[Web page caption snippets]
= Beginning of Section =
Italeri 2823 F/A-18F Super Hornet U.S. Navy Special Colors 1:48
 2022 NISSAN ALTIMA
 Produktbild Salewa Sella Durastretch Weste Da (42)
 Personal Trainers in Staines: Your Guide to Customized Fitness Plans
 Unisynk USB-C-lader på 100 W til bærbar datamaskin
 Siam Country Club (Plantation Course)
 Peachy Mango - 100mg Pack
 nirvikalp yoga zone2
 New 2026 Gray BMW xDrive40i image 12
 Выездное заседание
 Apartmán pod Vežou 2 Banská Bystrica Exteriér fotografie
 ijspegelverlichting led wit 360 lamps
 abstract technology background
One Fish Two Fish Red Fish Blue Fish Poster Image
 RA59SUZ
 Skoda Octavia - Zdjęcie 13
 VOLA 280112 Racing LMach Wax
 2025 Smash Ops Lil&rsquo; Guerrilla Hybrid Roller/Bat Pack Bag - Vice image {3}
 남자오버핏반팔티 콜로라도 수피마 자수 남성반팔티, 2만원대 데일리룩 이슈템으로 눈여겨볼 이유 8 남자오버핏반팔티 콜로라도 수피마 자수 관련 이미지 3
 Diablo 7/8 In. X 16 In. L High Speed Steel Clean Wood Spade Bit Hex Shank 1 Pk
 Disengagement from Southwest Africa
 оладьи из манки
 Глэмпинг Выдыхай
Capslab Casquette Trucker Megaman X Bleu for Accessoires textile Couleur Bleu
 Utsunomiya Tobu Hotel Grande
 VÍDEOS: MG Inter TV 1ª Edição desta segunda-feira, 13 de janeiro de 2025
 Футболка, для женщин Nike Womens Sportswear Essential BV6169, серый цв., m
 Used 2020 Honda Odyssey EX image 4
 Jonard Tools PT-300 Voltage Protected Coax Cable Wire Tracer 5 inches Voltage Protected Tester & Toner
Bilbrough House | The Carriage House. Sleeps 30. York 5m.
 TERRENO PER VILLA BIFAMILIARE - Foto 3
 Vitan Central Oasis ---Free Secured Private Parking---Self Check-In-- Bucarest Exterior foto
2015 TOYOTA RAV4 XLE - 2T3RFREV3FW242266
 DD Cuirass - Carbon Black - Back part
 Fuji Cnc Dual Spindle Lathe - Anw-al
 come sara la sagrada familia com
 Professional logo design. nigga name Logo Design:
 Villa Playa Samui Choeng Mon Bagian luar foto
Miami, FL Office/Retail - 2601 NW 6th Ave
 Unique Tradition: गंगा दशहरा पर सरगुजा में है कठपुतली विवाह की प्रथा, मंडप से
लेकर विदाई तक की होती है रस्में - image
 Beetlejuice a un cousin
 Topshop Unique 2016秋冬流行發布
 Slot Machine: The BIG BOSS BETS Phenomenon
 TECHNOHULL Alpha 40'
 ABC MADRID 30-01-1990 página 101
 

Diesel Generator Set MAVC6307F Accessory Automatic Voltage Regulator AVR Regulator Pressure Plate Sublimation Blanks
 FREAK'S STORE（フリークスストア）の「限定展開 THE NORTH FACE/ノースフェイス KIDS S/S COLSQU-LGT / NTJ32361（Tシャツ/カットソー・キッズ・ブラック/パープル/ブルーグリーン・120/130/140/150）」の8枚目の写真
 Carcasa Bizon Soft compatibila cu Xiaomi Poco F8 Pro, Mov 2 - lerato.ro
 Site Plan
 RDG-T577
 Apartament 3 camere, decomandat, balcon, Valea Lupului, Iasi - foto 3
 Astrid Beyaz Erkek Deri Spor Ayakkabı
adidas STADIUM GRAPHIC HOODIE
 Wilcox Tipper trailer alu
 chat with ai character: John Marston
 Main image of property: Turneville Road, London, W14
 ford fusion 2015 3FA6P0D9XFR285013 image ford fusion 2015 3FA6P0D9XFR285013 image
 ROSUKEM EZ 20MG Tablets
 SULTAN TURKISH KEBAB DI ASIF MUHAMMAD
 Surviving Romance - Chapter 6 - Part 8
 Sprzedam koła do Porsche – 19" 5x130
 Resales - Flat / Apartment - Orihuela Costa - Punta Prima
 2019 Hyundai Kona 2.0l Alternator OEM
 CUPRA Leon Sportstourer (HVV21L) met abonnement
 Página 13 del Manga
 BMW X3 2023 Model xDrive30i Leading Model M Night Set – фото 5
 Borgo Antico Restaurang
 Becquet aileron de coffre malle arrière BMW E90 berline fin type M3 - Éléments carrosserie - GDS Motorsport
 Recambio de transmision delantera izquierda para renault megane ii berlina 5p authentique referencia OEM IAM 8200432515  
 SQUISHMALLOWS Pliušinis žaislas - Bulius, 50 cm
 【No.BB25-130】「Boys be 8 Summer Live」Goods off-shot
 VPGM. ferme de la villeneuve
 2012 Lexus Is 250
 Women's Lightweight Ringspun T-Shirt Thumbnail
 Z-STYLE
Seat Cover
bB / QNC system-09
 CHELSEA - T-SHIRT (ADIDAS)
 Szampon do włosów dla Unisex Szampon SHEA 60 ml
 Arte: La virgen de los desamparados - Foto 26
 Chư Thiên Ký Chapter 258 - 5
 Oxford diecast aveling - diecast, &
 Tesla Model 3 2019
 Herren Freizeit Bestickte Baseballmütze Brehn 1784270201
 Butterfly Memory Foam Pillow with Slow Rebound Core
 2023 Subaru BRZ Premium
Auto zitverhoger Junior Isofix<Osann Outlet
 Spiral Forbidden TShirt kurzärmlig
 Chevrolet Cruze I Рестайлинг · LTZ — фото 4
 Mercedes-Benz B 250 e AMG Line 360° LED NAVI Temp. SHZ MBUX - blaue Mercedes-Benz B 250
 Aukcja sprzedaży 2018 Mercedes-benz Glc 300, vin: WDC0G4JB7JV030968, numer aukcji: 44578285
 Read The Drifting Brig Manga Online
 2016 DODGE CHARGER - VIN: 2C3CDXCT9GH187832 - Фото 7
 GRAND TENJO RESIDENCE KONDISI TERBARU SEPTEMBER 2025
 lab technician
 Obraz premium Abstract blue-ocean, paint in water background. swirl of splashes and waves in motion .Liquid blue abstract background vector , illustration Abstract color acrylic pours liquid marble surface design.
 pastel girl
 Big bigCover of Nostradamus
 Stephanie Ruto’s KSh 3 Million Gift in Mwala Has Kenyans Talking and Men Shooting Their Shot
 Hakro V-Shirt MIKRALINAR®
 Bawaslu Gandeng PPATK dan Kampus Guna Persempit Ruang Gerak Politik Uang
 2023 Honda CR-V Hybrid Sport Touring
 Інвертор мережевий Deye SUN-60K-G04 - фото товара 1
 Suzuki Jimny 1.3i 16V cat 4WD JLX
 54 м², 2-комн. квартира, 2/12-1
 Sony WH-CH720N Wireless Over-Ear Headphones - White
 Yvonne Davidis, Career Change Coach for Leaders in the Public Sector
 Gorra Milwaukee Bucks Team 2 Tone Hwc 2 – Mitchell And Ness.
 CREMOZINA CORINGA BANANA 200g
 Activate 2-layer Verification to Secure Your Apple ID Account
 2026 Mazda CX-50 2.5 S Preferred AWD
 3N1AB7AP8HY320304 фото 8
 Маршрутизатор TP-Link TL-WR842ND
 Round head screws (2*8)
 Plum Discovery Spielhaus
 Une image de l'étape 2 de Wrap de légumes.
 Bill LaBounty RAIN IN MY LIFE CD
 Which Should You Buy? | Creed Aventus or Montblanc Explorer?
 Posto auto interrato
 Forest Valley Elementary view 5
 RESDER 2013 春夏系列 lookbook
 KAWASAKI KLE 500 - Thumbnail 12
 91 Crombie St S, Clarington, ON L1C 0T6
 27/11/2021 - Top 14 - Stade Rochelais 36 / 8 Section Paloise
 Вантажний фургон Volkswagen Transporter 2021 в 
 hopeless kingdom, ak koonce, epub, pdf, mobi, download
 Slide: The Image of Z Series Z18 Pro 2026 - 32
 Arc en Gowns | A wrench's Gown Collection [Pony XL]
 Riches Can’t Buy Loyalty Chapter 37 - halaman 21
= End of Section =
WHAT TO DO
Exactly the lines from the one with "Arc en Gowns" through the end of the entries, both included, should be written out, and no others.

TASK ANSWER
 Arc en Gowns | A wrench's Gown Collection [Pony XL]
 Riches Can’t Buy Loyalty Chapter 37 - halaman 21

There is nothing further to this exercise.